** DATA follows **
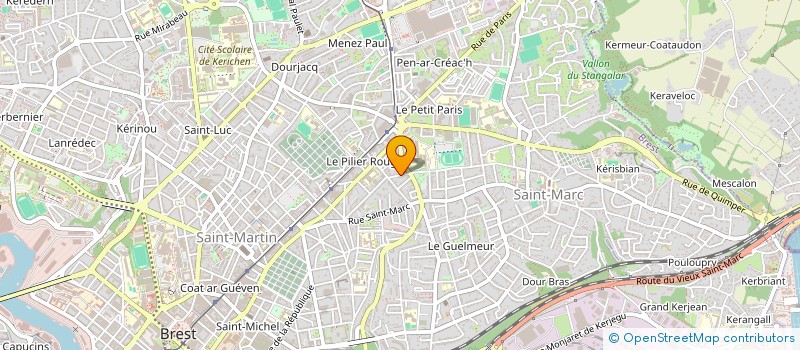 localisation de l'entreprise SCI MAZURIE  BREST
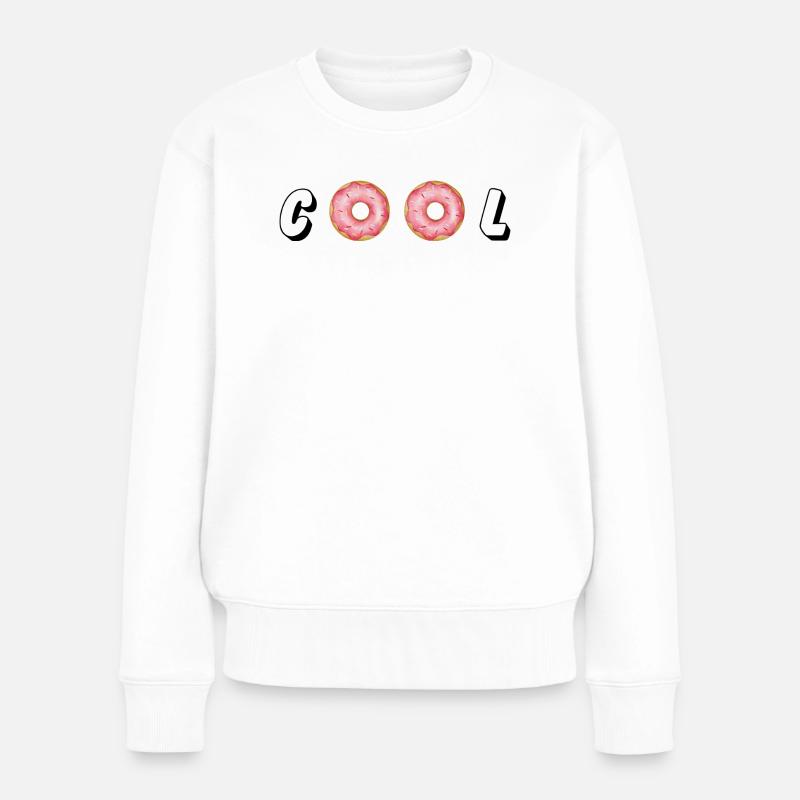 Leckere Donuts mit bunten Streuseln - Frauen Premium Bio Pullover - Weiß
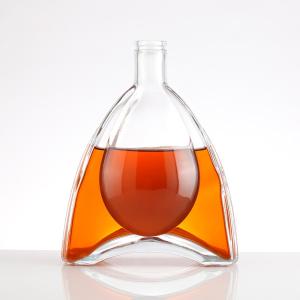 Buy cheap 100ml Screw Cap Amber Glass Vodka Rum Whisky Bottle Best Choice for Beverage Industry from wholesalers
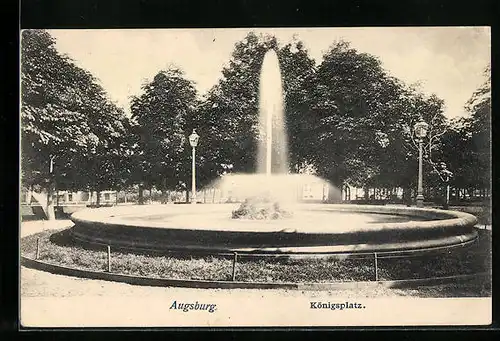 AK Augsburg, Brunnen am Königsplatz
** End of DATA **
WHAT YOU SHOULD DO:
Exact copy, pictures removed: set down the whole listing above.

RESPONSE BOX:
 localisation de l'entreprise SCI MAZURIE  BREST
 Leckere Donuts mit bunten Streuseln - Frauen Premium Bio Pullover - Weiß
 Buy cheap 100ml Screw Cap Amber Glass Vodka Rum Whisky Bottle Best Choice for Beverage Industry from wholesalers
 AK Augsburg, Brunnen am Königsplatz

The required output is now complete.